- Original Message -
From: Mark R. Diggory [EMAIL PROTECTED]
To: [EMAIL PROTECTED]; [EMAIL PROTECTED]
Sent: Wednesday, July 14, 2004 8:48 AM
Subject: ASF Repository, closer.cgi and Depot
Sorry for the cross post but this seems relevant to both these groups.
I was thinking about the subject of mirroring and redirection for the
ASF Repository. Currently, there was some discussion on the Depot list
concerning this. I feel we could address this subject again for both
groups interest.
www.apache.org/dyn/closer cgi provides a simple resolution strategy to
attempt to determine the closest mirror available to the client browser.
It then generates an html page via a template that lists the selected
mirror as well as other available mirrors. With Depot, we have a
customized download client that could be extended to manage downloading
from a list of mirrors as well.
Here are my thoughts on this subject:
A.) This script is really not that big (90% of it is just parsing the
mirrors file), and the database (a flat text file called mirrors.list)
as well is not very big. While closer.cgi is a neat service for
browsers. Its not exactly helpful for automated clients.

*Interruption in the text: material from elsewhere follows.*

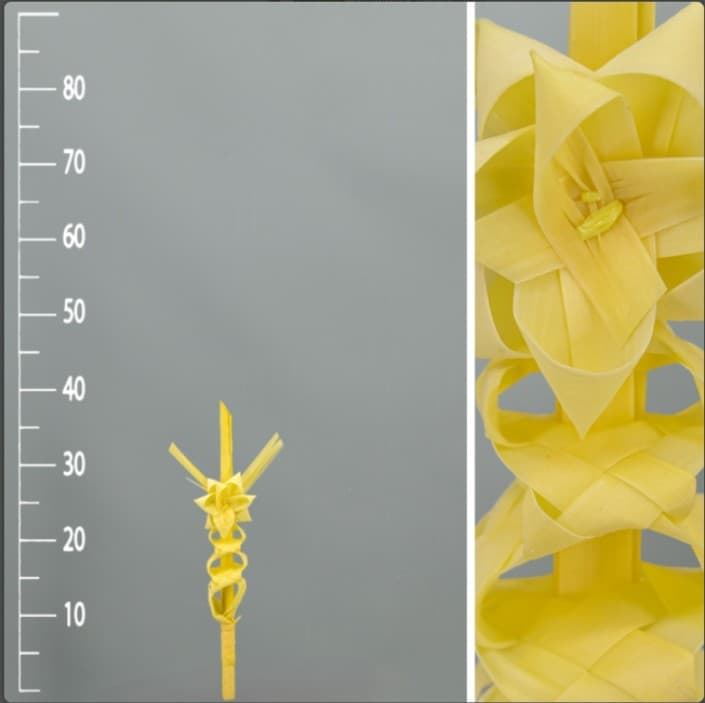 Palma blanca pequeña - Imagen 1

Yet,
mirrors.list is an excellent example of metadata that is exposed in a
effective manner such that automated clients can access it.
http://www.apache.org/mirrors/mirrors.list
I'm somewhat convinced that a it would be simple to create a client
implementation which accomplished the same functionality as closer.cgi
programatically so that it could be used in terms of resolving a
location to download from when mirrors are available.
This would be beneficial to the Apache Bandwidth issue in that if a
client such as Depot/DownloadManager managed the same capability as
closer.cgi then:
Hmm, it seems to me that infra@ or mirrors@ (is that a list) probably have
views on this. (But then, we probably don't want 4 lists on here. :-) I
suspect their views would include what you suggest, that distribution might
save some nomimal (c.f. artifact sizes) bandwidth savings give some CPU
saving, but it'd be at significant loss of 'control' (of well behaved
clients). Central control over this seems the most appealing.
Since I doubt the CPU cycles are worth saving (or the script would've been
optimised), could we not just change the script to check for some header
from the client, and return XML or some structured text, for non-human
browsers. [BTW: viewcvs seems to do this nicely, returning the file if
non-human and the presentation is human (as browser identifies).
regards,
Adam